By , About.com Guide

(cont.)

Let me digress again to make another point. When a radio personality applies for a job, he/she sends an “aircheck”, which is an audio demo of how he sounds on-the-air doing a real show. A long time ago I was told that if your aircheck didn’t impress the Program Director in the first 10 or 15 seconds, you were tossed into the waste bin. I think it’s true because being a Program Director twice, that’s about all I ever gave someone’s aircheck.

If our standards as Radio people are so stringent for entertainment value, why should we expect our listeners to have a lower standard? In other words: every commercial should be entertaining enough to quickly grab the listener’s attention and imagination.

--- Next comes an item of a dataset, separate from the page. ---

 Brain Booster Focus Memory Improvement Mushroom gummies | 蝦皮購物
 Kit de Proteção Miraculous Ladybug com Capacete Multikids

So then, how does Radio do this? It starts with a commitment to flush out, once-and-for-all, some of the awful techniques and habits that have seeped into the state of our current commercial production:

1. Don’t encourage clients to voice their own commercials - especially if they are just plain horrible - just for the sake of the sale. If an account executive is talented enough to sell commercial time, he should be talented enough to talk a client out of doing his own spot.

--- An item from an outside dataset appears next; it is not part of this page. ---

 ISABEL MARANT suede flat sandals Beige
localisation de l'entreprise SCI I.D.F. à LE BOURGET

2. Commercials should never consist of just a voice reading copy over a music bed. I’m sorry, but that’s just not compelling enough.

3. Radio stations should consider hiring copywriters again – talented people who can create engaging 30 or 60 second theater of the mind commercials. Today, most commercials are written by sales people. Bless their hearts: they made the sale – don’t make them write the copy, too.

4. Radio stations should seek out Production Directors (the people in charge of overseeing the making of the commercials) who are not comfortable settling for mediocrity.

5. Production Directors should always insure the right commercial version is running in the right format. Some products, like Coke and Pepsi, for instance, create commercials designed for specific formats: Rock, R&B, Alternative, etc. I’ve heard R&B versions run on Alternative stations and vice versa. That’s lazy and a disservice to the listeners. Someone listening to a Classic Rock station is not much interested in hearing a hip-hop version of a Pepsi commercial.

6. Radio stations should never accept sub-standard production from advertising agencies. It is unbelievable what some smaller agencies pass off as radio-quality production. And worse: some radio stations don’t even question it.

In short: every moment of airtime at a radio station should be treated as if its entertainment potential could mean the difference between a listener staying or leaving….because it does.

If traditional radio stations adopted a “Super Bowl mentality” when it came to those 12 or so minutes of commercial time each hour, then maybe the promise of commercial-free music on Satellite Radio wouldn’t be as alluring to listeners.